5. The Sasha Fierce Principle: Developing your Alter Ego
Toward the end of our conversation, Allison shared something unexpected on how she handles the emotional weight of executive feedback using what she calls the “Sasha Fierce principle.”
“When I first got more senior and was getting into tough conversations... the feedback gets harder and harder the more senior you get. No one really says ‘great job’ anymore. I read this thing about Beyoncé—someone asked, ‘You always say you’re so shy, but then you’re on stage.’ And she said, ‘That’s not Beyoncé. That’s Sasha Fierce.’ When she reads things about herself, she’s not reading about herself—she’s reading about this other alter ego.”
This resonated deeply with me. I’m actually reading Todd Herman’s book The Alter Ego Effect right now (he’s coming on the podcast soon). Herman built the Black Mamba alter ego with Kobe Bryant and has worked with athletes like Roger Federer and Cristiano Ronaldo on the same concept.
The idea is simple but powerful: develop a professional persona that is you but not you. It creates psychological distance from criticism and allows you to perform at a higher level in high-stakes situations.
Allison has fully embraced this—even naming her car Sasha Fierce.
“Develop a persona that’s the professional version of you. It helps you be a little bit tougher.”

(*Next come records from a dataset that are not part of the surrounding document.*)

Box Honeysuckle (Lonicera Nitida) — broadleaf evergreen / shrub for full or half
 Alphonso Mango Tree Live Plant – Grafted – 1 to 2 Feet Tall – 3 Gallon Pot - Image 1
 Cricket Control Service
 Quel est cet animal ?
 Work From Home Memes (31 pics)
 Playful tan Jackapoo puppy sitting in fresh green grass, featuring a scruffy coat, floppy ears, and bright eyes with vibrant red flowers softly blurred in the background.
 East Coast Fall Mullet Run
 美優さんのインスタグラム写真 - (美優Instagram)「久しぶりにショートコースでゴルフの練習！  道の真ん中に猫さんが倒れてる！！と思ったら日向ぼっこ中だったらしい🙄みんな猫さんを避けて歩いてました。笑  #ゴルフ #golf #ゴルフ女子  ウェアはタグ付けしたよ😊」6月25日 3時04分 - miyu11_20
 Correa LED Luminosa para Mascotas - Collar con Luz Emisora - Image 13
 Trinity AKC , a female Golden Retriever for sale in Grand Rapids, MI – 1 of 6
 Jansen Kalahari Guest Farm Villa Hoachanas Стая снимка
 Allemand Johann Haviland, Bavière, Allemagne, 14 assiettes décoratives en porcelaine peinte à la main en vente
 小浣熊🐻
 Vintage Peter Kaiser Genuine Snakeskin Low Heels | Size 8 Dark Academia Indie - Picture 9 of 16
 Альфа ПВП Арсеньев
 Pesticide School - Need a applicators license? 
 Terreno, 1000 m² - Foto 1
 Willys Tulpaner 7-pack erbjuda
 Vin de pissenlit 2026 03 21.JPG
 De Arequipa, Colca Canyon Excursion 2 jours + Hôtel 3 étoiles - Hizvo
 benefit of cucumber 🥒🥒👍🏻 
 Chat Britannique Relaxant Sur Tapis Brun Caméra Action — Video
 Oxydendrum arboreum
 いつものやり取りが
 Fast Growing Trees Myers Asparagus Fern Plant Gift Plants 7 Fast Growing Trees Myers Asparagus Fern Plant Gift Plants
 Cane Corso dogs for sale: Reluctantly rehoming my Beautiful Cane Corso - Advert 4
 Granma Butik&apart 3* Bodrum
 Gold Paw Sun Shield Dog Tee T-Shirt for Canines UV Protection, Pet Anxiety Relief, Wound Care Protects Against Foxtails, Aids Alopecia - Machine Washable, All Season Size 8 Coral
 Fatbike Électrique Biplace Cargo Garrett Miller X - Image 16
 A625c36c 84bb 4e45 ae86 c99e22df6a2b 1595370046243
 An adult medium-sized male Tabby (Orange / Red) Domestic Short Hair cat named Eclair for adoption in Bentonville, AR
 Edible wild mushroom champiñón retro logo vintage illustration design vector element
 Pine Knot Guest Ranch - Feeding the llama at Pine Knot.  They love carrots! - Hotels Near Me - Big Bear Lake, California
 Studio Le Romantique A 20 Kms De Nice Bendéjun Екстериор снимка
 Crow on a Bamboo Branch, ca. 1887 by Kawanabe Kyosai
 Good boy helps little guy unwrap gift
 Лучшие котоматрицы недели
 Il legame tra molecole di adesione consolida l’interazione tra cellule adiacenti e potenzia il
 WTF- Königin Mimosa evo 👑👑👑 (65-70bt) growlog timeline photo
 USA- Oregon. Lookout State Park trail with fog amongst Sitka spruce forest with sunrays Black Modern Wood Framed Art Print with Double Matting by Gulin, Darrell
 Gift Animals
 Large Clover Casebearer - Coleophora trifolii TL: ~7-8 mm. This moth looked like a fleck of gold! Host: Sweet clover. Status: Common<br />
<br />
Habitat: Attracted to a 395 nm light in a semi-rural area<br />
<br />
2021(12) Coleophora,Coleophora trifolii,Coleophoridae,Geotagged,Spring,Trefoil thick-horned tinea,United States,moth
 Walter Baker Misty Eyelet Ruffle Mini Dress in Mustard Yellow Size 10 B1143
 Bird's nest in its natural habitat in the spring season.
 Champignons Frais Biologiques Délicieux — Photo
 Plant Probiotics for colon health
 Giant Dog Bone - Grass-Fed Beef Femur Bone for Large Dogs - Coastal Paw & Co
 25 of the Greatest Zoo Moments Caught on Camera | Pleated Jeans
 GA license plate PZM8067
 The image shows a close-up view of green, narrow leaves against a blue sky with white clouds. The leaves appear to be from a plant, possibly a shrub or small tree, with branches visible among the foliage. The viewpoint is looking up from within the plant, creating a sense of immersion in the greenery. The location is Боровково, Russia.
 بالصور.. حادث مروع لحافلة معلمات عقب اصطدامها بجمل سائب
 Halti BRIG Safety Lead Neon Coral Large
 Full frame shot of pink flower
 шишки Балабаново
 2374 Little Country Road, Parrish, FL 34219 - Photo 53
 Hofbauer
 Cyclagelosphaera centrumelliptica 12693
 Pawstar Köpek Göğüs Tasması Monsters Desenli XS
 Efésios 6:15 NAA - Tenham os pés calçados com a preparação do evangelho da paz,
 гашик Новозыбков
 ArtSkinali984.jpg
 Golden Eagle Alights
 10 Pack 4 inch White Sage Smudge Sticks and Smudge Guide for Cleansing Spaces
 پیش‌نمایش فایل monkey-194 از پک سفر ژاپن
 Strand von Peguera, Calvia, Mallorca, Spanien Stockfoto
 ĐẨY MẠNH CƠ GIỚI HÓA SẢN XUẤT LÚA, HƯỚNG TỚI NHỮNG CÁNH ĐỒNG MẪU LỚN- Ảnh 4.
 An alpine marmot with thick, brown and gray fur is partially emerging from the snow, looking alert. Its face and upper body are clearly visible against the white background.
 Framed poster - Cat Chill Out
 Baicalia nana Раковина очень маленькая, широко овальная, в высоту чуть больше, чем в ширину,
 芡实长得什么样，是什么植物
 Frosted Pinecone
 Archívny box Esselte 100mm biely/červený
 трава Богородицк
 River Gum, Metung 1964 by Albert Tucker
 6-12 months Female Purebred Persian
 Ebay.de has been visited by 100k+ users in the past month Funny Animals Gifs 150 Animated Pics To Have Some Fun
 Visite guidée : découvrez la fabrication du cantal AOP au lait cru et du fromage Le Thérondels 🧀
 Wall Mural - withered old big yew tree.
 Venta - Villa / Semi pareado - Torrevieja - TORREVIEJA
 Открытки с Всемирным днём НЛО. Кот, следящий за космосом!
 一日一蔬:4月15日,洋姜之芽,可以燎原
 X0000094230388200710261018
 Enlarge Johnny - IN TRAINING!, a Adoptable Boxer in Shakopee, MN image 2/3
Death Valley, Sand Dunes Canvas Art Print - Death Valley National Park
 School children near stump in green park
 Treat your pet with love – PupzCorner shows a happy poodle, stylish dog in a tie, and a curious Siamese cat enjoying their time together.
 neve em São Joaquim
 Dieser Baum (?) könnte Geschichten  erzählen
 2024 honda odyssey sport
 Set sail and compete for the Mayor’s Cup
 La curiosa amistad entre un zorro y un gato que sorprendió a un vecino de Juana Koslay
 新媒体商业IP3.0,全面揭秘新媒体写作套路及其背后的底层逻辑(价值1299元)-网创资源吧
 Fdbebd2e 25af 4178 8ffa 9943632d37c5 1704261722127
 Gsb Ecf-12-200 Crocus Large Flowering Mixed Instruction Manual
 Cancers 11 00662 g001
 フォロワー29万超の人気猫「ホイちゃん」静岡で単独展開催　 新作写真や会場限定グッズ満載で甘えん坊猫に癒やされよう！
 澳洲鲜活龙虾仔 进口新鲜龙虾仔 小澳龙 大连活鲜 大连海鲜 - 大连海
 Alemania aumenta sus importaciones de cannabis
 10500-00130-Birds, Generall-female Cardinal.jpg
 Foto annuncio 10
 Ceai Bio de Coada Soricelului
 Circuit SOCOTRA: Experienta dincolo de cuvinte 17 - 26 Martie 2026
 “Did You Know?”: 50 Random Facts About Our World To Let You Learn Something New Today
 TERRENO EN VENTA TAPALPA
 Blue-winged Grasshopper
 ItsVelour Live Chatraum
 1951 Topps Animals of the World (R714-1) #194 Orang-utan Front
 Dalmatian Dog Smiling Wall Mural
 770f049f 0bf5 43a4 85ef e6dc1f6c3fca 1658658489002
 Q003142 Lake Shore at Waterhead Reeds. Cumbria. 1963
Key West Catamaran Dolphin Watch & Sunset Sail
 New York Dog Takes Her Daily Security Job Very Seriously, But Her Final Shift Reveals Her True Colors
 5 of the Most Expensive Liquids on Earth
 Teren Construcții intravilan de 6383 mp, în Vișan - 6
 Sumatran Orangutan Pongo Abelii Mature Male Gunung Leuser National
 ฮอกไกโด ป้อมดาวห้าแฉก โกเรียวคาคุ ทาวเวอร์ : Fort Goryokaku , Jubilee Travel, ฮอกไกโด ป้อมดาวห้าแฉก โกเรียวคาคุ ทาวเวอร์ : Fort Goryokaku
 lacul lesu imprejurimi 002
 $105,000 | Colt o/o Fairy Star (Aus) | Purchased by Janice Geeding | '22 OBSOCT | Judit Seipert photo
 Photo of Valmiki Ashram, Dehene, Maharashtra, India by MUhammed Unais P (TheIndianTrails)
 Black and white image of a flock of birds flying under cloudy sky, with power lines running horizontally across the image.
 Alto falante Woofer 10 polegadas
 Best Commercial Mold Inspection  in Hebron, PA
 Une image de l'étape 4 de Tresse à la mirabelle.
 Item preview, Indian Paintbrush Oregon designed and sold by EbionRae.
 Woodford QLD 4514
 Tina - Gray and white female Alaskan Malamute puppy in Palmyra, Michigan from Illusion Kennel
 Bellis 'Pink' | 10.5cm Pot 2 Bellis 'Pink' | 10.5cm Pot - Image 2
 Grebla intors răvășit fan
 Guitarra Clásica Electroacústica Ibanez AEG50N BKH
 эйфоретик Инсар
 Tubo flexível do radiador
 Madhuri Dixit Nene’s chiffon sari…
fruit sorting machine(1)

What Separates Good CROs from Great Ones
I asked Allison what she thinks separates a good CRO from a truly great one. Her answer was deceptively simple:
“A great CRO really cares about the customer. A good CRO really only cares about sales efficiency. A great CRO cares just as much about CSAT as they do about win rate.”
This tracks with something I’ve been thinking about a lot lately. The best revenue leaders think holistically about enterprise value, not just their number and comp plan. When you only optimize for your own metrics, everything eventually falls apart.
The other piece of advice that stuck with me was about horizontal growth versus vertical growth—something Allison learned from, of all people, Sherry Redstone:
“If you’re ambitious and want to grow, too many people are focused on climbing up. But the great people really focus on going wide. The higher up you get, the more valuable it is to have a broader perspective on the business and not just your thing.”
This is the opposite of what most ambitious people do. We’re taught to specialize, to go deep, to become the expert in our domain. But at the executive level, that myopia becomes a liability.
The Bigger Picture
What I took from this conversation is that the CRO role is evolving. Personal sales acumen matters less than systems thinking, architectural capability, and—critically—the ability to build trust across the executive team.
Allison put it bluntly: “I don’t think I’m the best salesperson at Zenoti by far. My skills are in my architectural way of thinking and the fact that I always think about the entire customer journey.”
As AI continues to transform how revenue gets acquired, this shift is only going to accelerate. The CROs who win will be the ones who can think like revenue architects, collaborate genuinely with their peers, and navigate the complex human dynamics of executive leadership.
That’s less about closing deals and more about opening relationships.